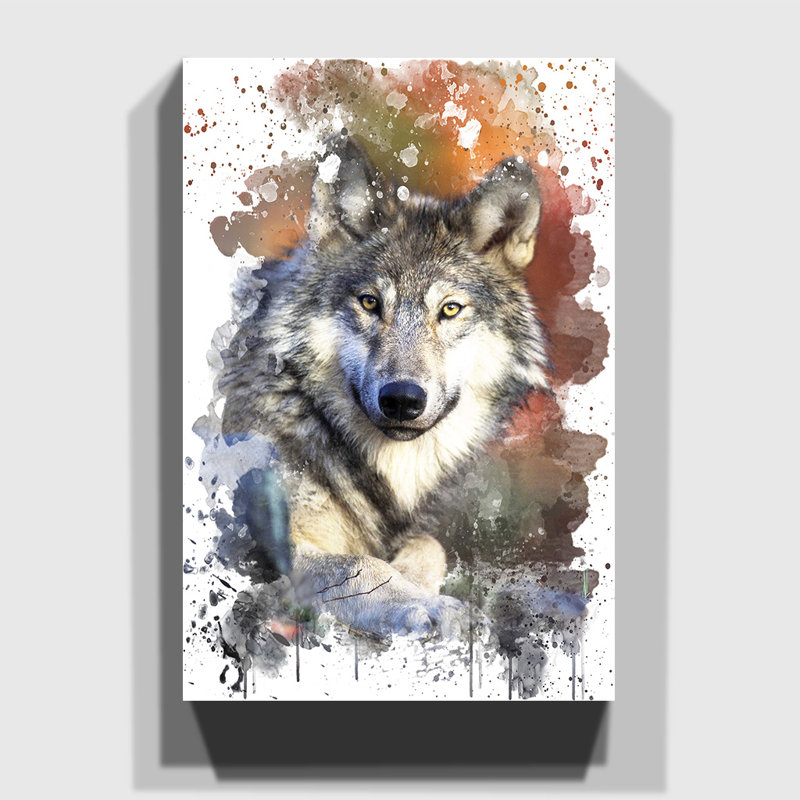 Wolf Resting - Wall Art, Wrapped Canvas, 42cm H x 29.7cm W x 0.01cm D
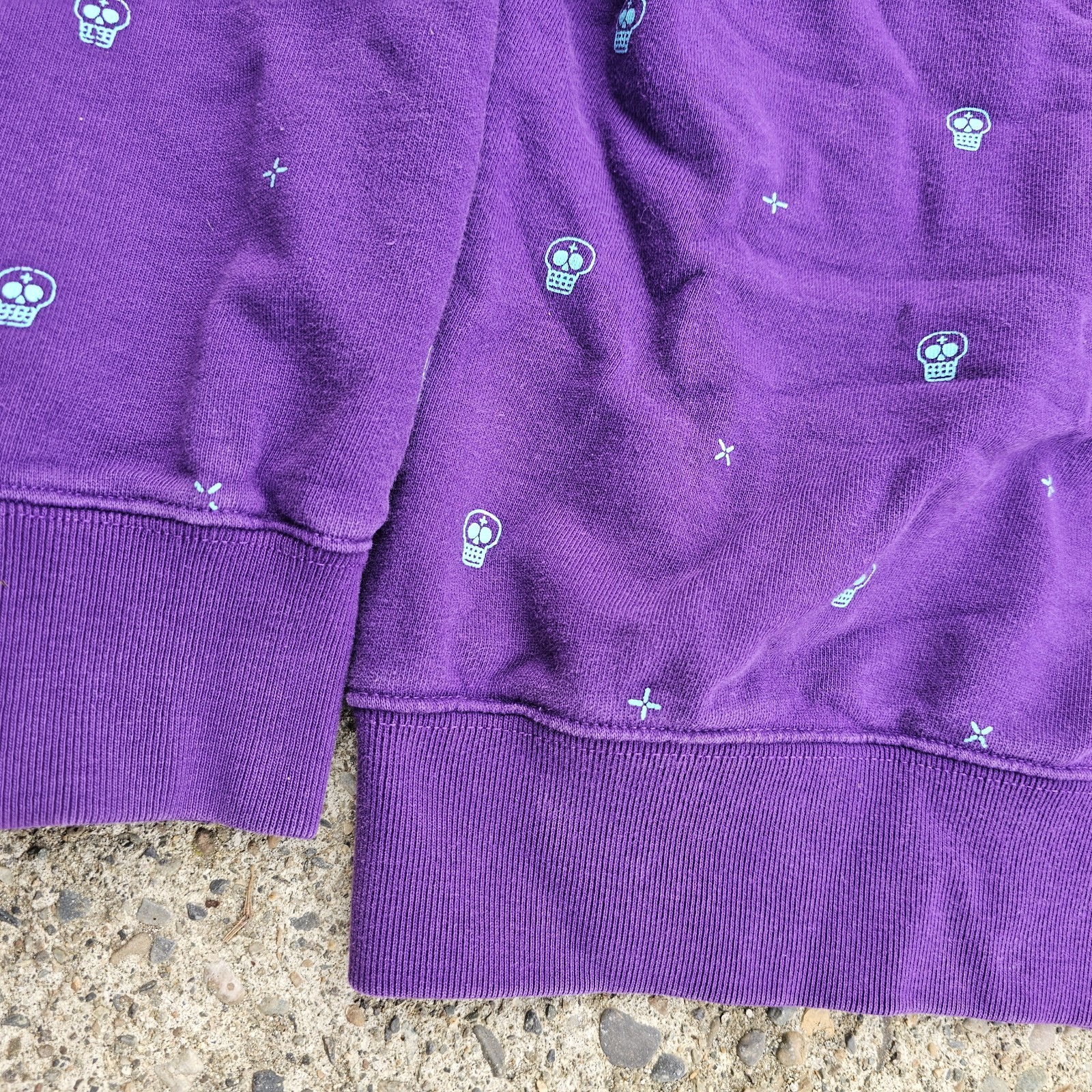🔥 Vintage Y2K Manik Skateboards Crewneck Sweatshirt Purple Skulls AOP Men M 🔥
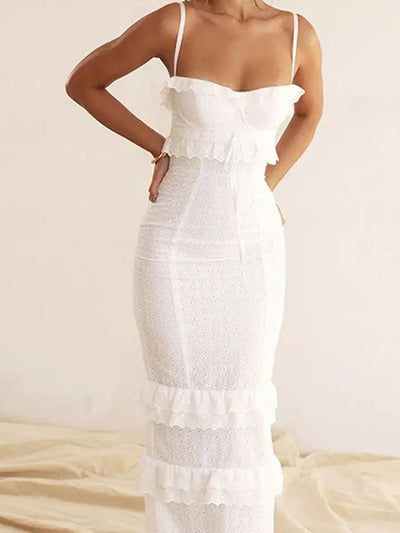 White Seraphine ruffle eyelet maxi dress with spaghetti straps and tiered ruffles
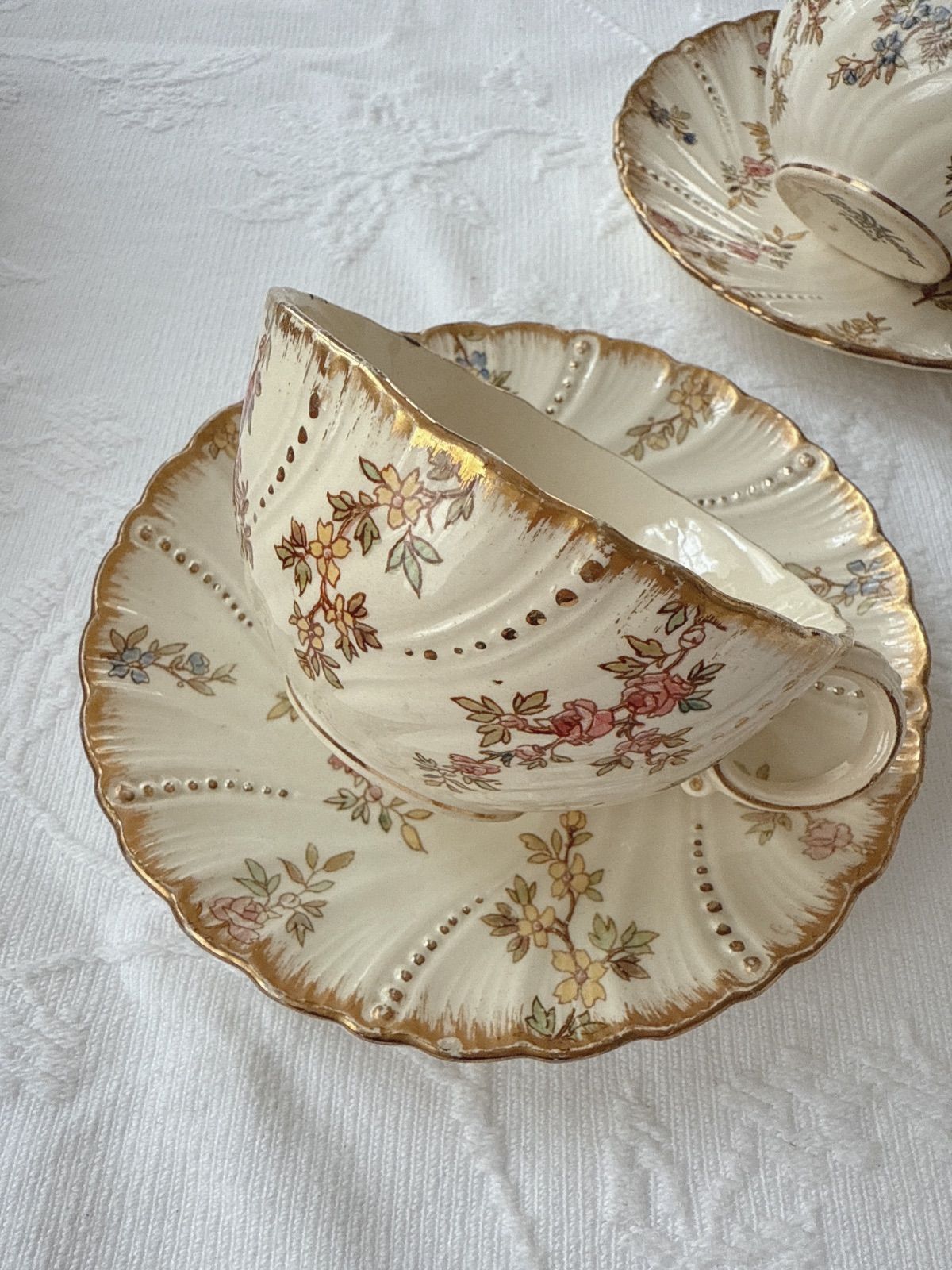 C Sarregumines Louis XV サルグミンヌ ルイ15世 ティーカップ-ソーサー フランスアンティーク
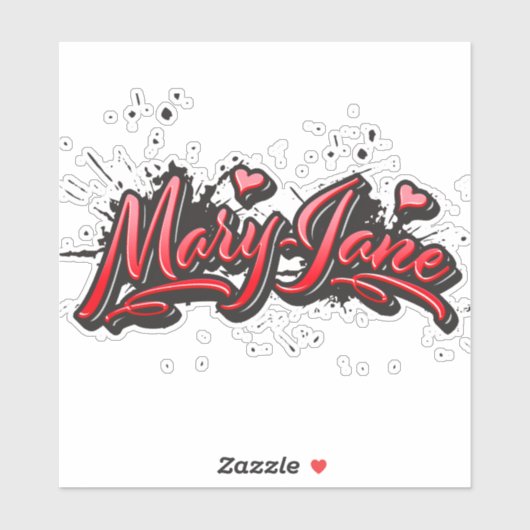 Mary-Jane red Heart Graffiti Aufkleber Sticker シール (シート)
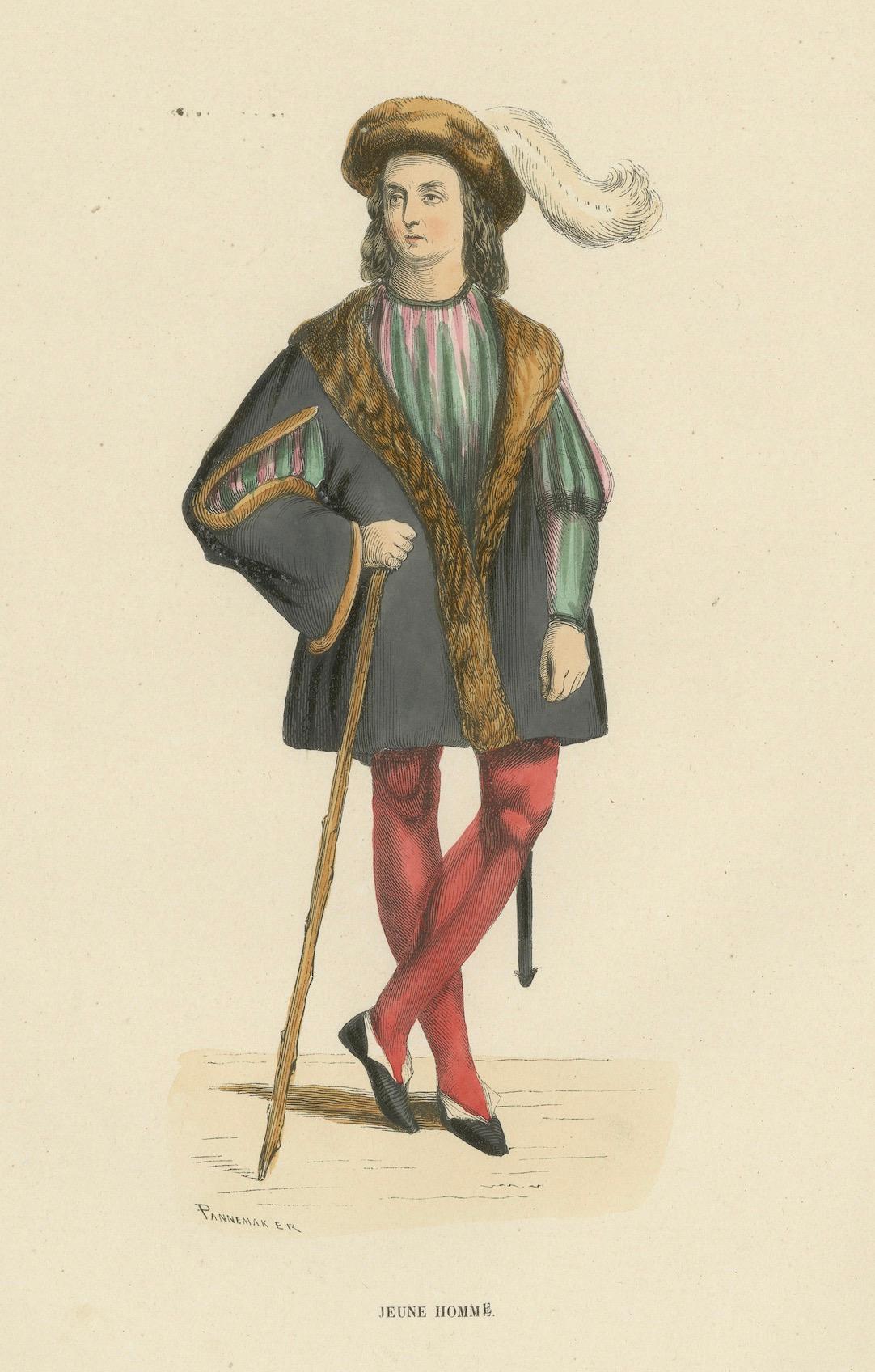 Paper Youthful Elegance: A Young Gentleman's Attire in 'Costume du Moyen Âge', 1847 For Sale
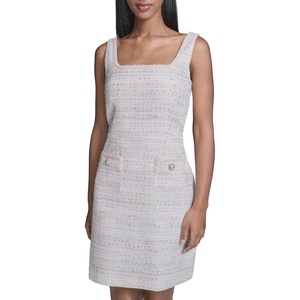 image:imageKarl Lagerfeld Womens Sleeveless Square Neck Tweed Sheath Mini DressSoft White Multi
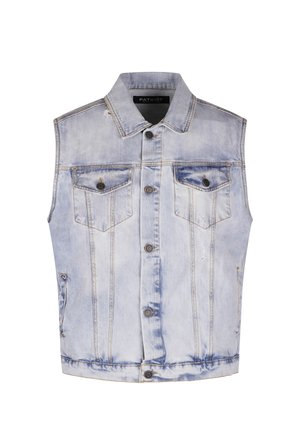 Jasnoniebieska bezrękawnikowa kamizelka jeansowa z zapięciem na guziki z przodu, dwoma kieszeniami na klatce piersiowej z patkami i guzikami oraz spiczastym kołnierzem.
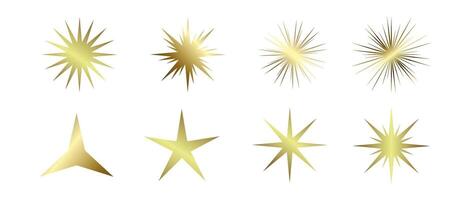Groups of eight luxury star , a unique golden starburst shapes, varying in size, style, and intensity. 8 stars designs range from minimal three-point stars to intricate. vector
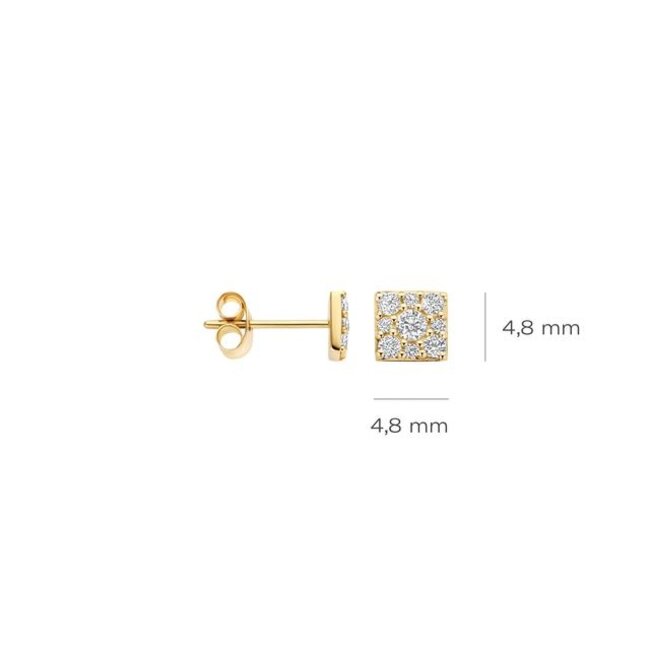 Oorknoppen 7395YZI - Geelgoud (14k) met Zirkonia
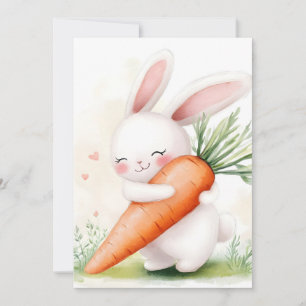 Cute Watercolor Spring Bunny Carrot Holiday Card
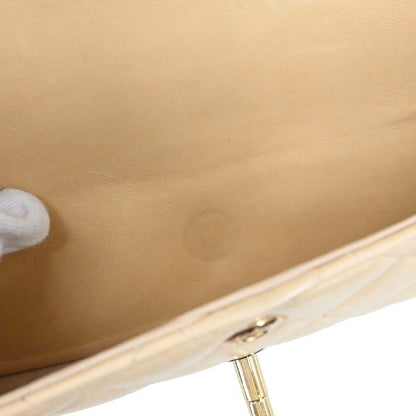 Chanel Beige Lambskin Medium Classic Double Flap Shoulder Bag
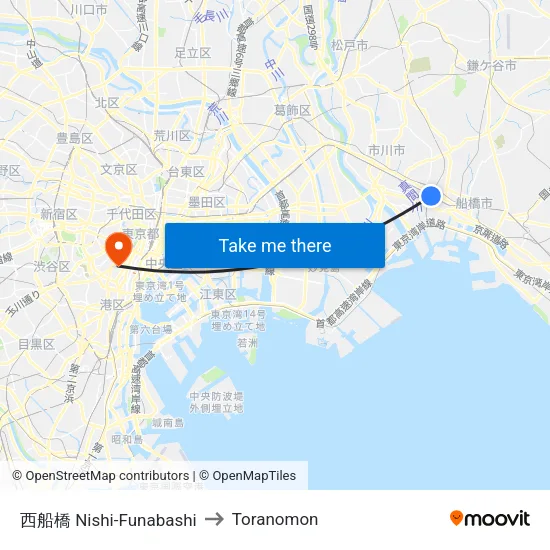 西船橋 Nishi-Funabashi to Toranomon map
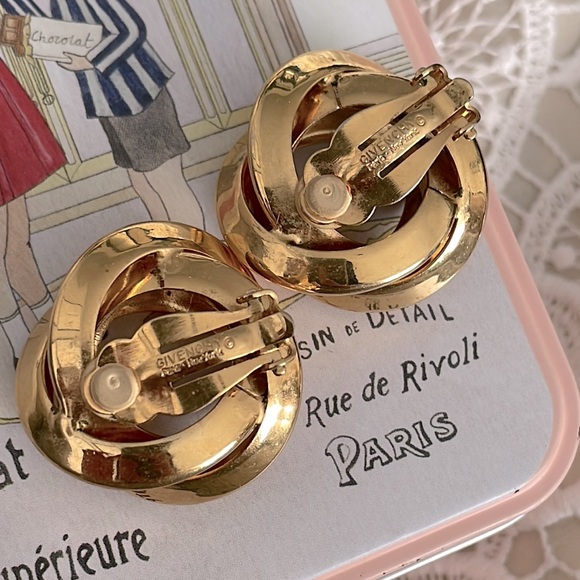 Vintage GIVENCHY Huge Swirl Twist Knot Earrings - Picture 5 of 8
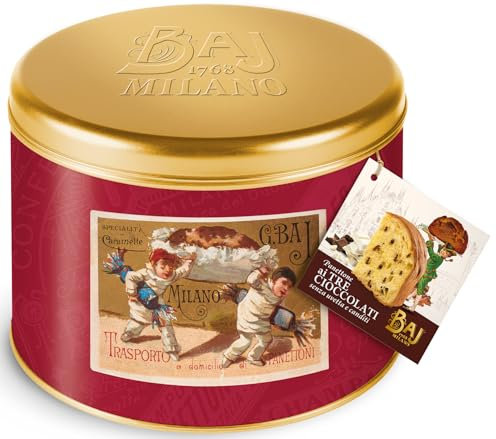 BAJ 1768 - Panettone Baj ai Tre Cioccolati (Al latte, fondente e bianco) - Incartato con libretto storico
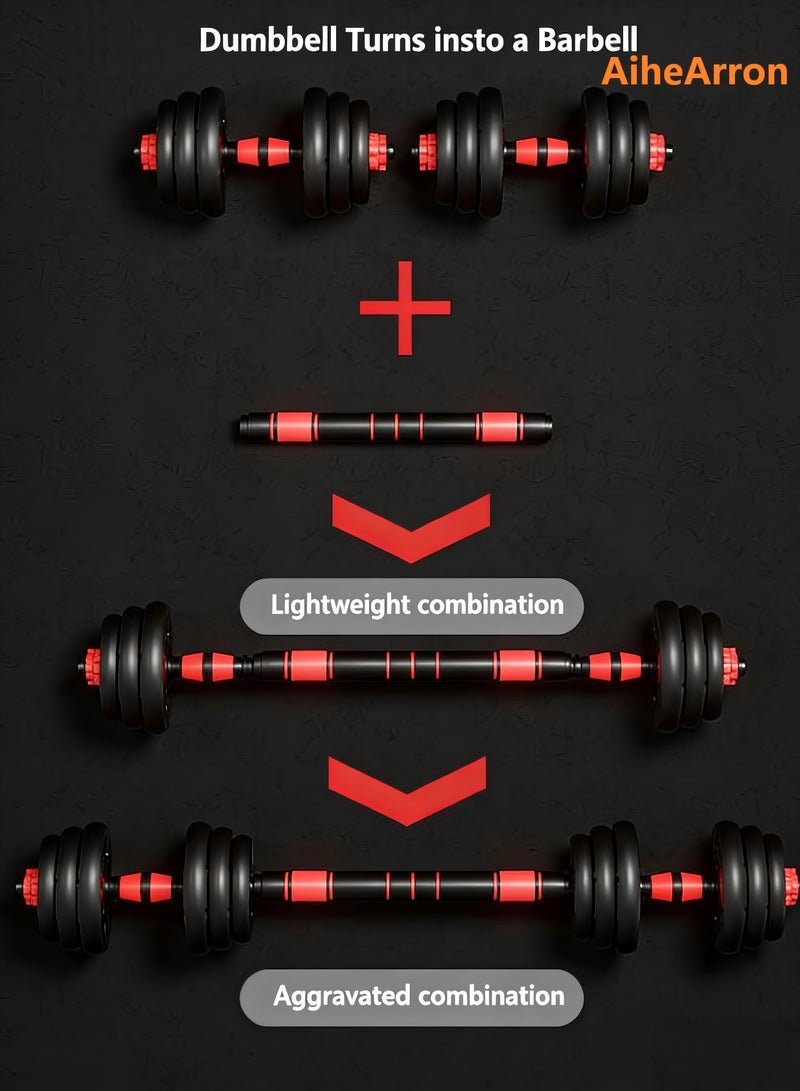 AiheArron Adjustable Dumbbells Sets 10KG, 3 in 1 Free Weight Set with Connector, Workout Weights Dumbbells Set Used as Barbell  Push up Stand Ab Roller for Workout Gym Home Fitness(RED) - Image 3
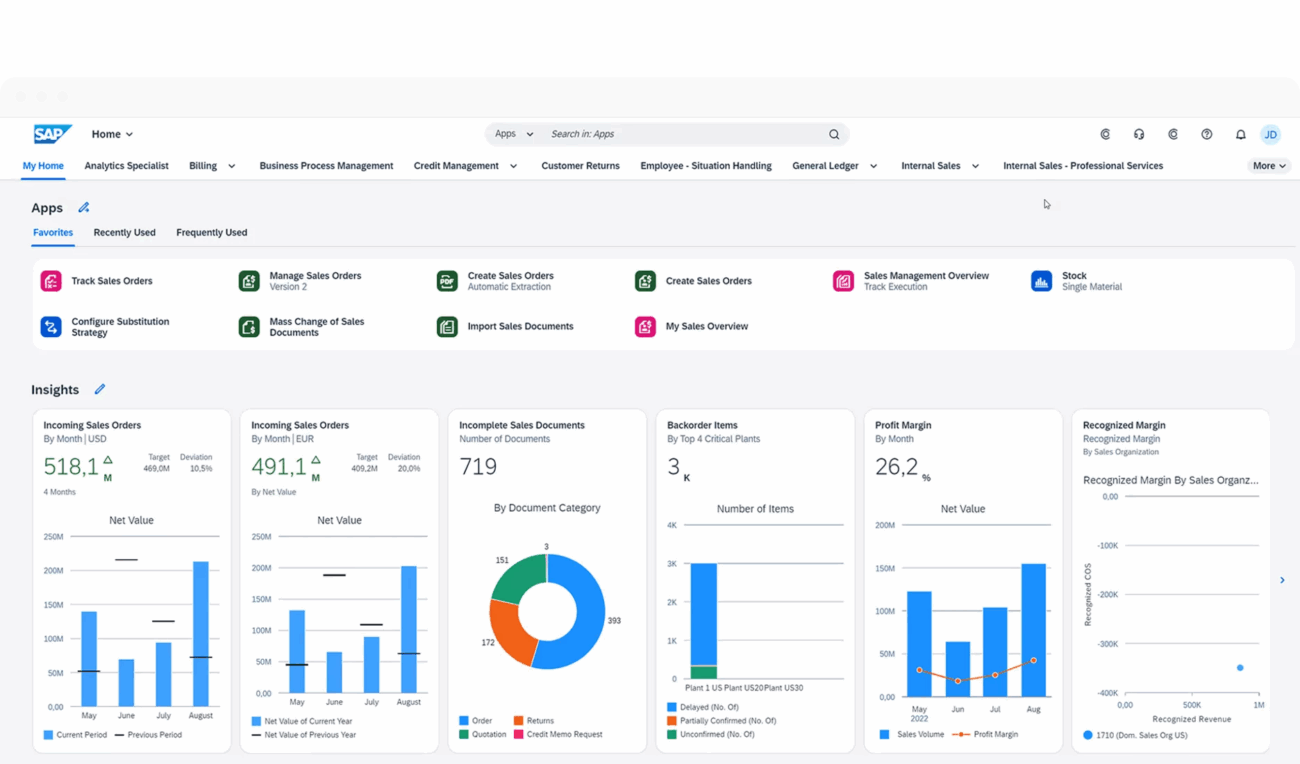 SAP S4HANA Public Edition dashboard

________

Return the listing above in full and unaltered. Keep the pictures out.

- [Solution to this task]
 Wolf Resting - Wall Art, Wrapped Canvas, 42cm H x 29.7cm W x 0.01cm D
🔥 Vintage Y2K Manik Skateboards Crewneck Sweatshirt Purple Skulls AOP Men M 🔥
 White Seraphine ruffle eyelet maxi dress with spaghetti straps and tiered ruffles
 C Sarregumines Louis XV サルグミンヌ ルイ15世 ティーカップ-ソーサー フランスアンティーク
 Mary-Jane red Heart Graffiti Aufkleber Sticker シール (シート)
 Paper Youthful Elegance: A Young Gentleman's Attire in 'Costume du Moyen Âge', 1847 For Sale
 image:imageKarl Lagerfeld Womens Sleeveless Square Neck Tweed Sheath Mini DressSoft White Multi
 Jasnoniebieska bezrękawnikowa kamizelka jeansowa z zapięciem na guziki z przodu, dwoma kieszeniami na klatce piersiowej z patkami i guzikami oraz spiczastym kołnierzem.
Groups of eight luxury star , a unique golden starburst shapes, varying in size, style, and intensity. 8 stars designs range from minimal three-point stars to intricate. vector
 Oorknoppen 7395YZI - Geelgoud (14k) met Zirkonia
 Cute Watercolor Spring Bunny Carrot Holiday Card
 Chanel Beige Lambskin Medium Classic Double Flap Shoulder Bag
 西船橋 Nishi-Funabashi to Toranomon map
 Vintage GIVENCHY Huge Swirl Twist Knot Earrings - Picture 5 of 8
 BAJ 1768 - Panettone Baj ai Tre Cioccolati (Al latte, fondente e bianco) - Incartato con libretto storico
 AiheArron Adjustable Dumbbells Sets 10KG, 3 in 1 Free Weight Set with Connector, Workout Weights Dumbbells Set Used as Barbell  Push up Stand Ab Roller for Workout Gym Home Fitness(RED) - Image 3
 SAP S4HANA Public Edition dashboard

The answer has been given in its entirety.